IEEE Spectrum reports on Codon, a Python compiler specifically developed to, as they put it, “turbocharge Python’s Notoriously slow compiler.”
“We do type checking during the compilation process, which lets us avoid all of that expensive type manipulation at runtime,” says Ariya Shajii, an MIT CSAIL graduate student and lead author on a recent paper about Codon.
Without any unnecessary data or type checking during runtime, Codon results in zero overhead, according to Shajii. And when it comes to performance, “Codon is typically on par with C++. Versus Python, what we usually see is 10 to 100x improvement,” he says. But Codon’s approach comes with its trade-offs. “We do this static type checking, and we disallow some of the dynamic features of Python, like changing types at runtime dynamically,” says Shajii. “There are also some Python libraries we haven’t implemented yet….”
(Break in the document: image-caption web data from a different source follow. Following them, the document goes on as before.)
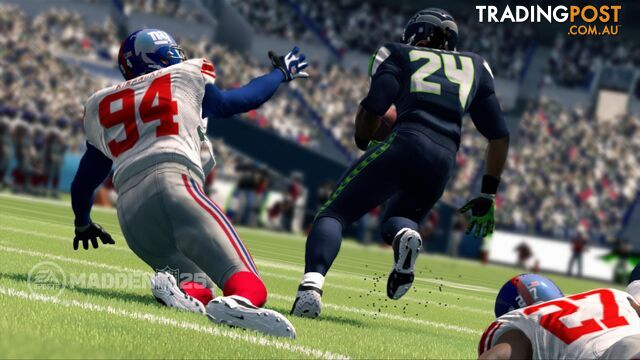 Madden NFL 25 [Pre-Owned] (PS3) - EA Sports - Retro P/O PS3 Software GTIN/EAN/UPC: 5030930111151 - photo 5 of 7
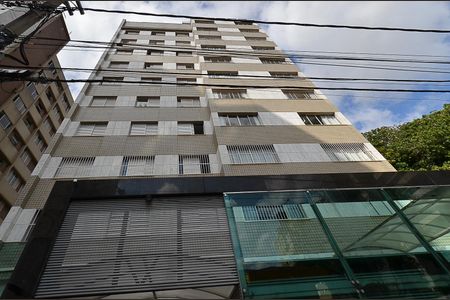 Apartamento para alugar com 480m², 4 quartos e 3 vagasFachada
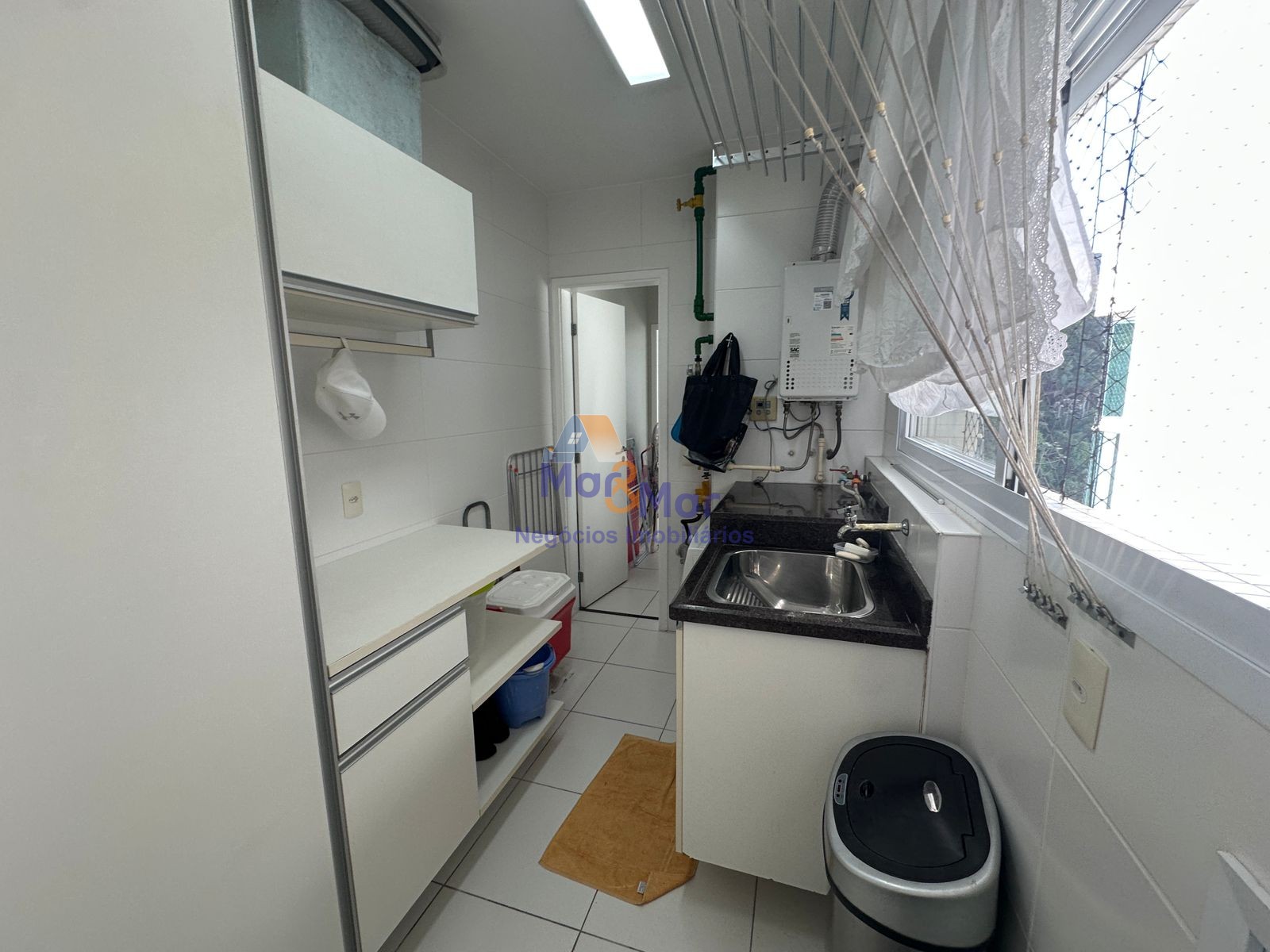 Apartamento Frente ao Mar-3-dormitorios-Enseada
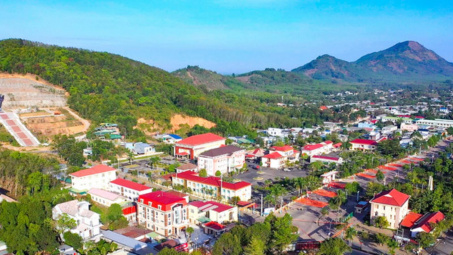 Huyện Tánh Linh:Hành trình 40 năm xây dựng và phát triển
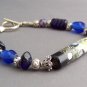 Daybreak - Handmade Lampwork Bracelet (X239)
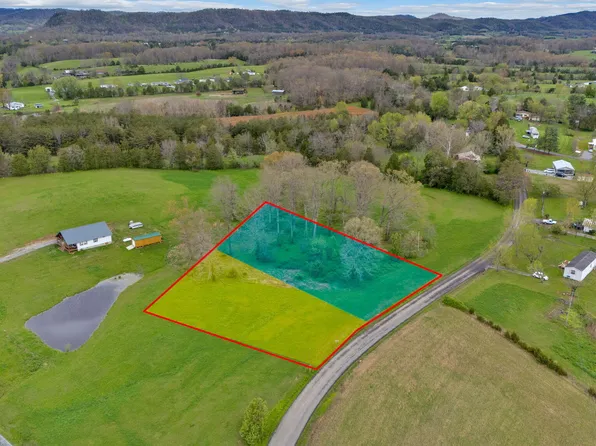 Carpenter Chapel Rd, Mosheim, TN 37818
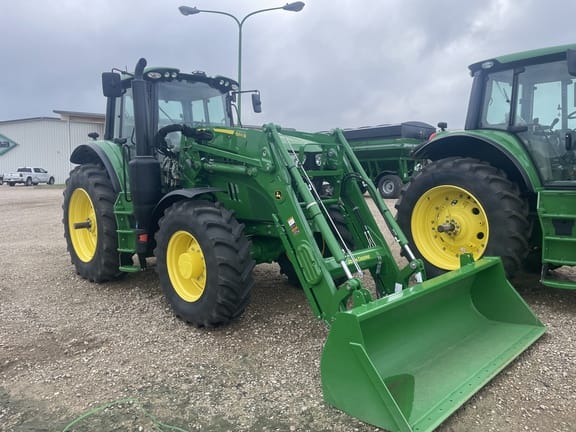 Main image John Deere 6175M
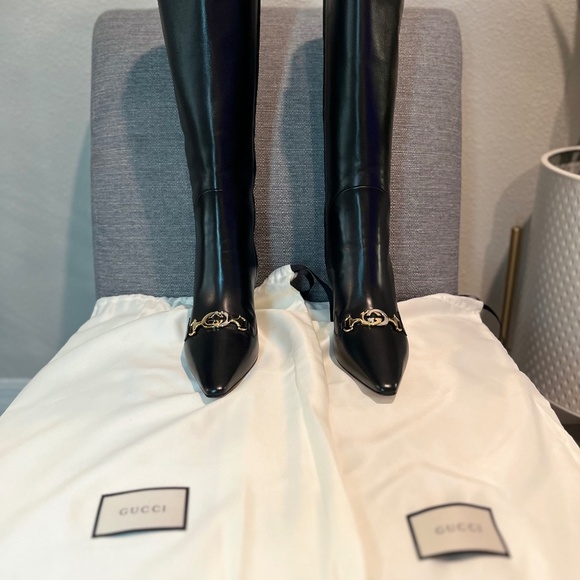 Gucci Zumi High boots - Picture 1 of 6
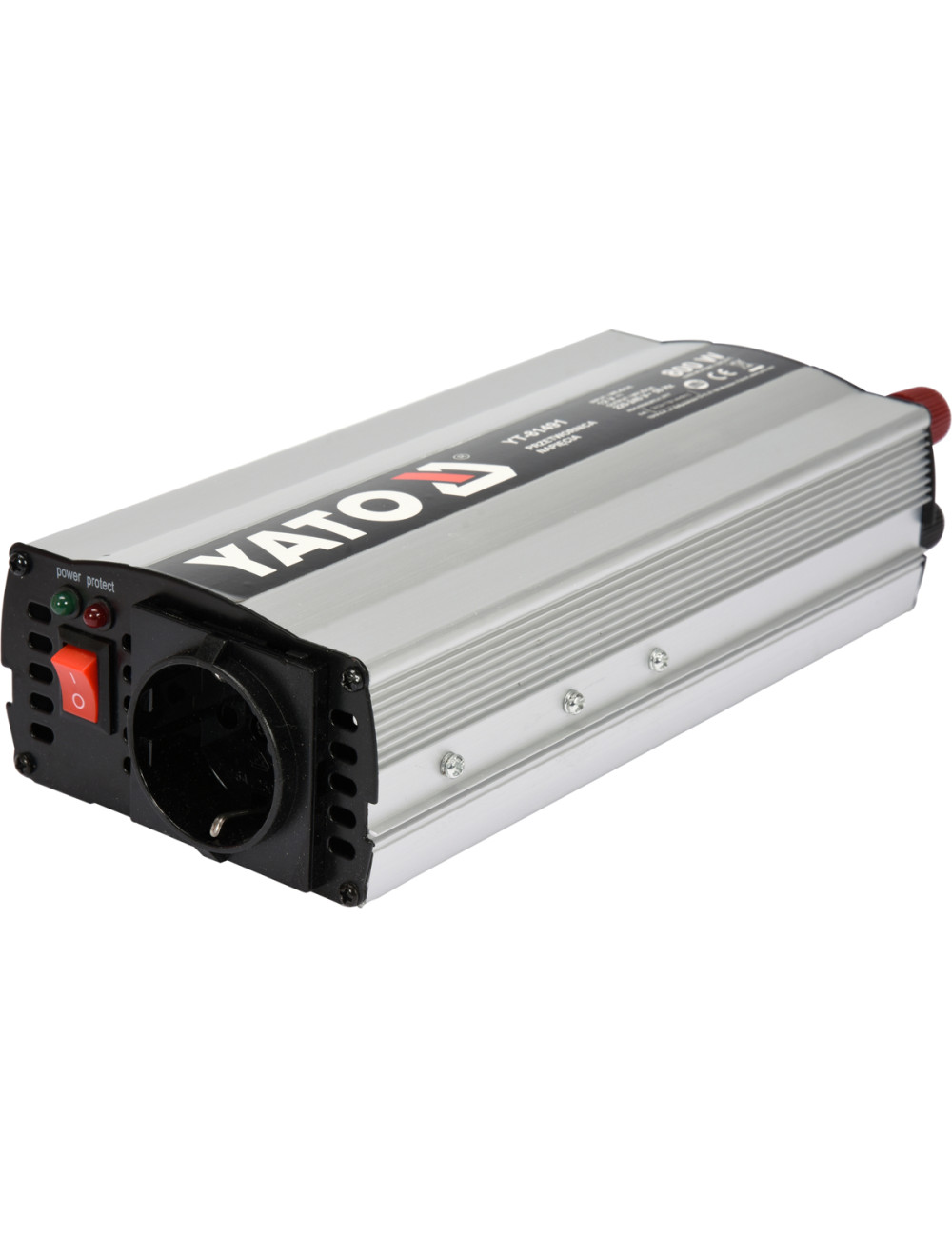 YATO PRZETWORNICA NAPIĘCIA 12 230V 800W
Codon was initially designed for use in genomics and bioinformatics. “Data sets are getting really big in these fields, and high-level languages like Python and R are too slow to handle terabytes per set of sequencing data,” says Shajii. “That was the gap we wanted to fill — to give domain experts who are not necessarily computer scientists or programmers by training a way to tackle large data without having to write C or C++ code.” Aside from genomics, Codon could also be applied to similar applications that process massive data sets, as well as areas such as GPU programming and parallel programming, which the Python-based compiler supports. In fact, Codon is now being used commercially in the bioinformatics, deep learning, and quantitative finance sectors through the startup Exaloop, which Shajii founded to shift Codon from an academic project to an industry application.
To enable Codon to work with these different domains, the team developed a plug-in system. “It’s like an extensible compiler,” Shajii says. “You can write a plug-in for genomics or another domain, and those plug-ins can have new libraries and new compiler optimizations….” In terms of what’s next for Codon, Shajii and his team are currently working on native implementations of widely used Python libraries, as well as library-specific optimizations to get much better performance out of these libraries. They also plan to create a widely requested feature: a WebAssembly back end for Codon to enable running code on a Web browser.